We refer to this phase and the patients as their diagnostic odyssey, right? They know something’s wrong; they don’t know what’s wrong. The one thing that we try to encourage patients to do is to really advocate for genome sequencing early on. Because if it is an ultra-rare disease or a very rare disease, you can go from specialist to specialist, but the chances are that you’re going to find a physician that’s going to say, “Oh yes, of course, you have a mutation and KIF1A,” or some other. It just doesn’t work that way.

If it were Duchenne muscular dystrophy or ALS, I think that those are a standard. These are diseases with standard readouts and standard diagnostics. But for the ultra-rare, where there’s just a few hundred people in the world with it, the best way to move on and confirm is to do this diagnostic sequencing so that you can better understand, yes, my child has Batten’s disease, or they have Niemann-Pick, or they have Zellweger syndrome or whatever ailment that they have. If we can define it at the level of the DNA and at the level of the sequence, that’s a huge hurdle, and now we can move on because at least we know what we’re dealing with.

I think the reason why we are at this inflection point for rare diseases, it’s almost sort of a watershed moment because prior to some of the genetic-based therapies and the strategies that we’re looking into, even if you were lucky enough to get a diagnosis and somebody said, “Yes, your child has a mutation in this particular gene or this particular set of related genes.” The only thing that patients would have been that diagnosis, and a lot of times they may have a standard of care, they may have physical therapy or occupational therapy. For the most devastating of diseases, I think a lot of what the parents were told was to go home and love your child as much as you can before they die. That unfortunately, has been the consequence and the reality for a lot of patients and families with rare diseases.

The difference between now and 10 years ago is that there are more genetic-based therapies in play. Not only are they, but I’m also going to say, theoretically possible, they’re a reality in the clinic. If you have a genetic defect that causes a loss of function, is gene replacement available to you? Is gene augmentation? Can we use antisense oligonucleotide? Can we package the wild-type gene in a virus and deliver it? Can we think about gene editing? Then can we also look at screening modalities, high throughput screening modalities for small molecules that are already in play and FDA approved? These are the differences between now and just a few years ago and parents know this.

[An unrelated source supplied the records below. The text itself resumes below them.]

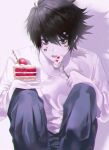 1boy bags_under_eyes bangs black_eyes black_hair black_pants cake cake_slice chromatic_aberration collarbone death_note drop_shadow eating feet_out_of_frame food fork fruit glint hair_between_eyes hair_ornament highres holding holding_fork holding_plate isobe47 l_(death_note) long_sleeves looking_at_viewer male_focus open_mouth pants plate shirt short_hair solo squatting strawberry strawberry_cake swept_bangs white_shirt 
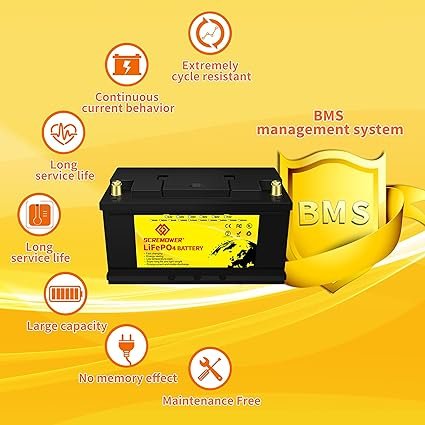 1 Battery 100Ah 12V 1280Wh Deep Cycle Lithium Iron Phosphate Battery+ Built-in BMS Golf Cart EV RV Solar Battery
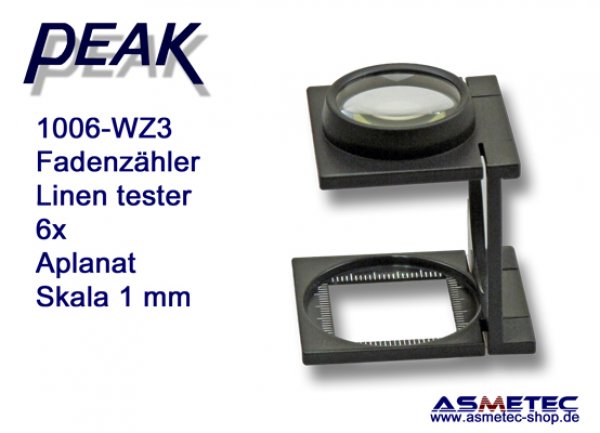 PEAK 1006-WZ3 Fadenzähler, verzeichnungsfrei, 6x - www.asmetec-shop.de, peak optics, PEAK-Lupe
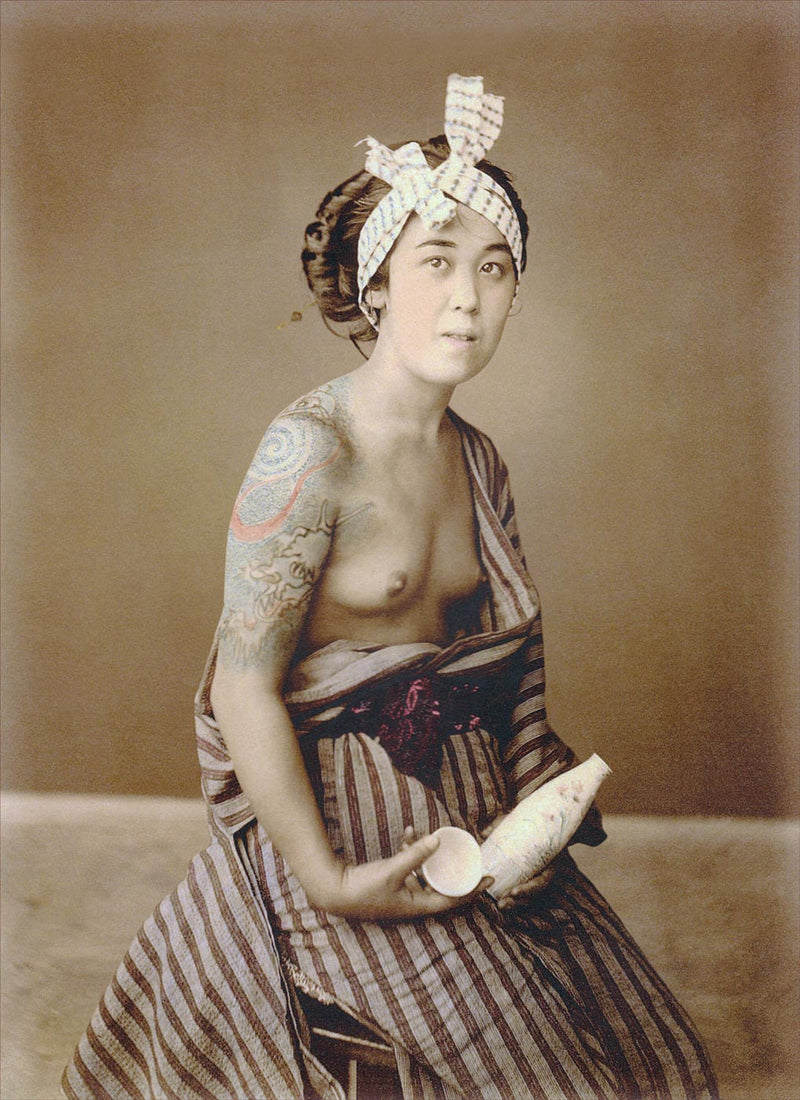 Hand Colored Photography, Japan - Tattooed Woman with a Sake Bottle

If you had… I think we can all imagine if it was our child. Knowing that there’s nothing you can do is a very sad day. But understanding that there is something you can do and therapeutics that you can possibly investigate to save your child, there’s not a parent in the world who isn’t signing up for that. That’s really what we’re seeing in terms of this sort of wave, a movement, if you will, in trying to understand what the possibilities are for genetic-based therapeutics, and can we move them into mainstream medicine and not just a PowerPoint presentation on somebody’s slide deck?